<<<<

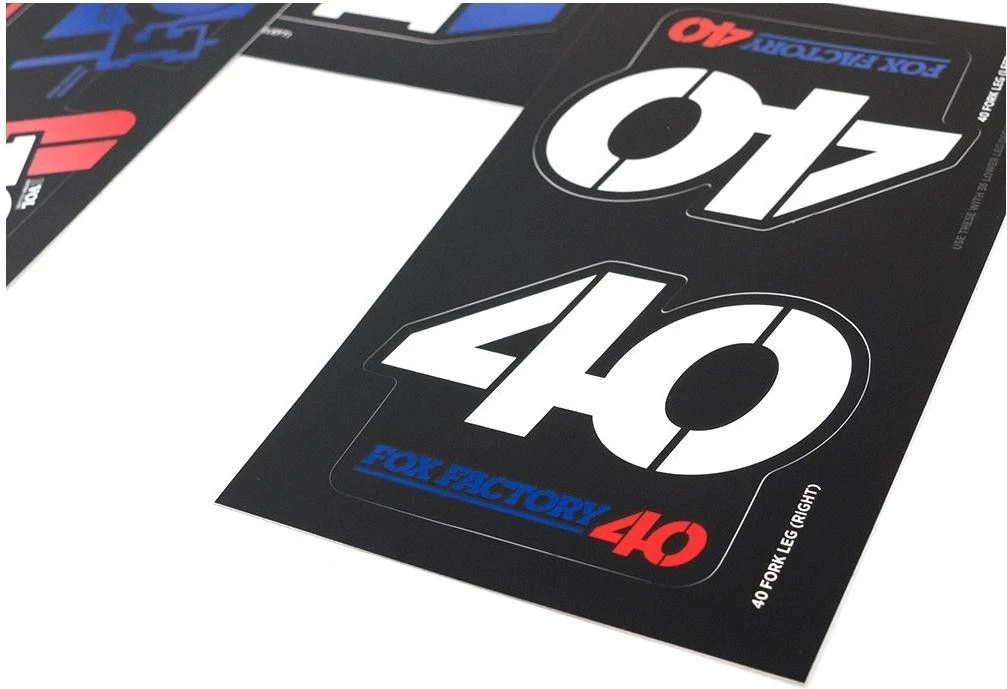 Fox Racing Shox Stickers Heritage 2019 Red/White/Blue - Image 3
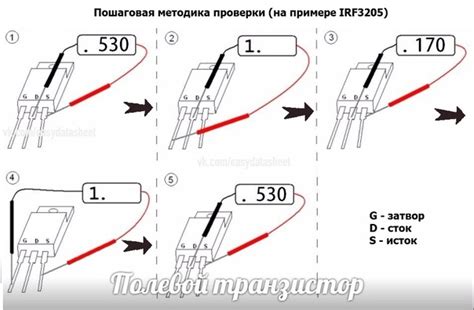 Шаг 4: Проверка работоспособности транзистора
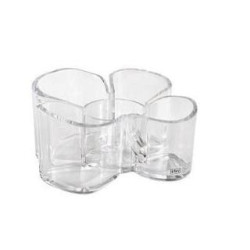 Bicchiere portapenne labez spa fiore.trasp [80758]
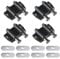 4 Pack Push to Open Door Catches for Cabinet,Magnetic Door Latch Cupboard Strong Spring Loaded Magnetic Closure with Strike Heavy Duty Latches for Wardrobe Room Kitchen Bathroom Doors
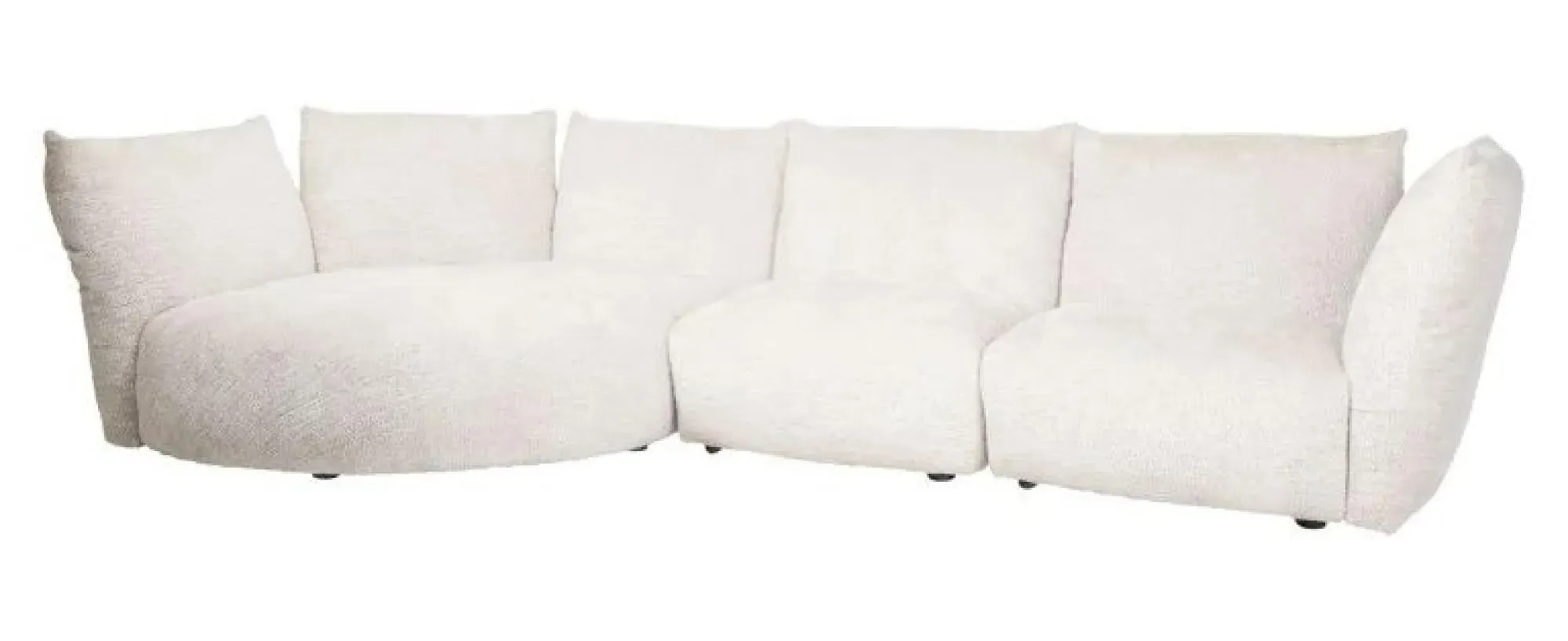 Loyd Corner Sofa - Cream, Fabric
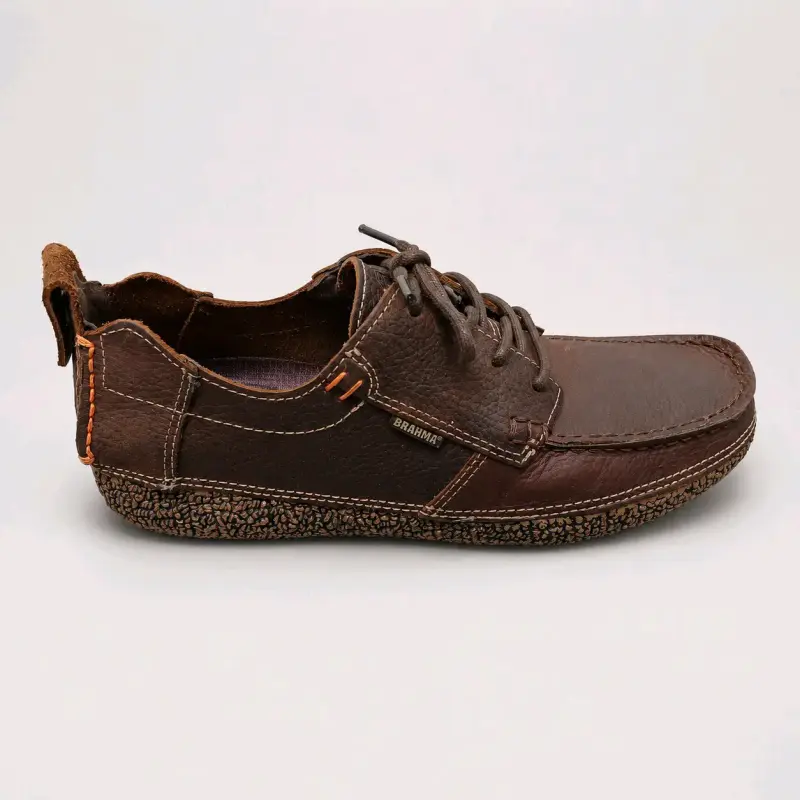 Zapatos BRAHMA de cuero para hombre, Talla 39 - 3
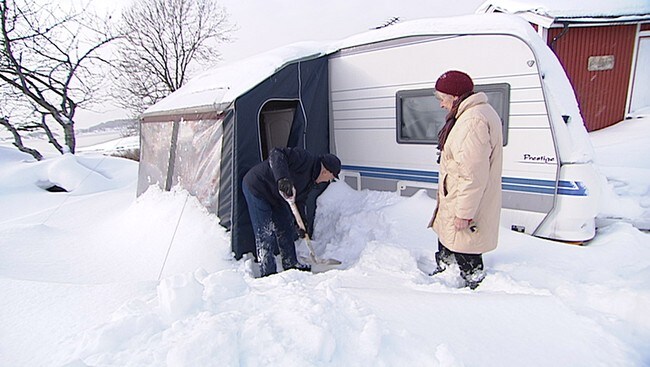 Camping i Son, Knut og Käthe Bråthen (Foto: Hallvard Mørk Tvete/NRK) Camping i Son, Knut og Käthe Bråthen (Foto: Hallvard Mørk Tvete/NRK)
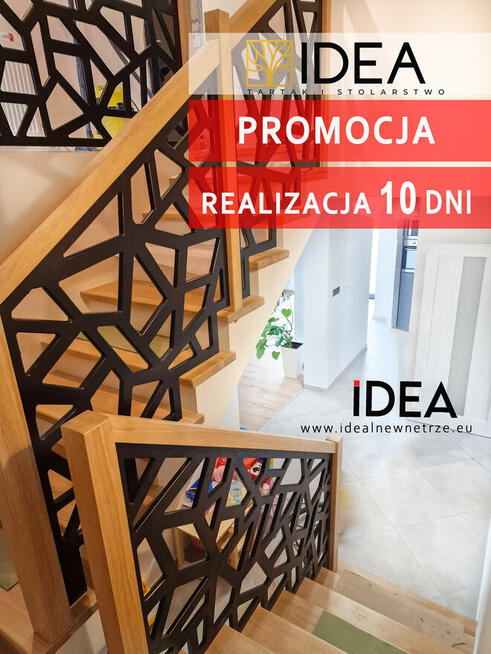 BALUSTRADA DREWNIANA, BARIERKA AŻUROWA, PANEL AŻUROWY, PRODU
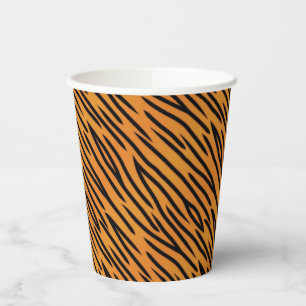 Tiger Stripe Pattern Paper Cups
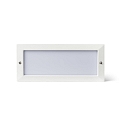 Outdoor LED Wand-Einbauleuchte STRIPE-2, IP54 IK07, mit Diffusor, 100-240V AC, 5W 3000K 89lm, wei� matt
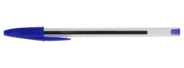 Bic Kugelschreiber Cristal, blau / transparent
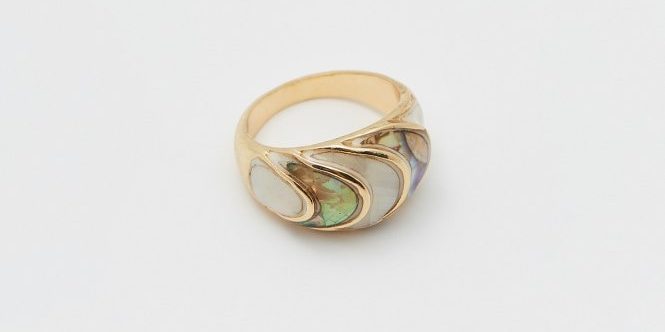 anillo madre perla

>>>>

## Required action
The answer is the lines above from the one with "Шаг 4: Проверка" to the one with "Zapatos BRAHMA de", set down exactly, with no pictures.

## Solution for this problem
 Шаг 4: Проверка работоспособности транзистора
 Bicchiere portapenne labez spa fiore.trasp [80758]
 4 Pack Push to Open Door Catches for Cabinet,Magnetic Door Latch Cupboard Strong Spring Loaded Magnetic Closure with Strike Heavy Duty Latches for Wardrobe Room Kitchen Bathroom Doors
 Loyd Corner Sofa - Cream, Fabric
 Zapatos BRAHMA de cuero para hombre, Talla 39 - 3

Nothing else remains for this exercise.